Намерения их к этому времени переменились, и, судя по этим письмам, они очень хотят попасть в Лондон и воссоединиться с семьей. София отмечает, что для нее это лучше, потому что там они могут быть все вместе. Ее очень радует, что Курт с удовольствием ходит в школу: для нее это признак, что ему нравится учиться. Она убеждает его, что «прекрасные золотые годы молодости» (schöne, goldene Jugendzeit) проходят быстро и их нужно использовать как можно лучше. София жалеет, что Курт с Петером учатся не вместе, но, как любая еврейская бабушка, утешается тем, что школы у них «хорошие».
Она переживает из-за погоды в Англии и волнуется, акклиматизировался ли там Курт и его родители. Я улыбаюсь, читая это. Еще в 1980-х годах, когда я училась в австрийской школе, австрийцы твердо верили, что погода в Лондоне ужасная, и я, помню, все время повторяла, что лондонцы не всегда живут в тумане.
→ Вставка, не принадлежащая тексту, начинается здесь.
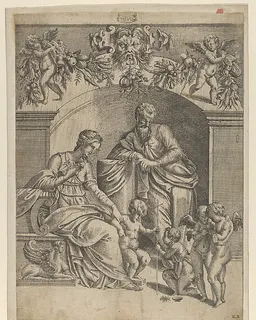 The Holy Family by Jean Mignon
В письме без даты, написанном, наверное, в первые дни лета 1939 года, София снова обращается к своему любимому «Куртерлю», благодаря за открытку, присланную им с каникул, которые она считает заслуженными после утомительного учебного года. Она спрашивает об оценках, огорчается, что у него пока не появилось возможности познакомиться с Георгом, с которым, как ей кажется, Курт хорошо поладит. София сообщает, что пока еще нет ясности, куда они поедут, и что их задерживает операция на глазах, которую нужно сделать Зигфриду. Он сам пока еще в санатории, а тетя Мария неотлучно ухаживает за ним. София просит Курта подробно писать о своей жизни, потому что ей все интересно.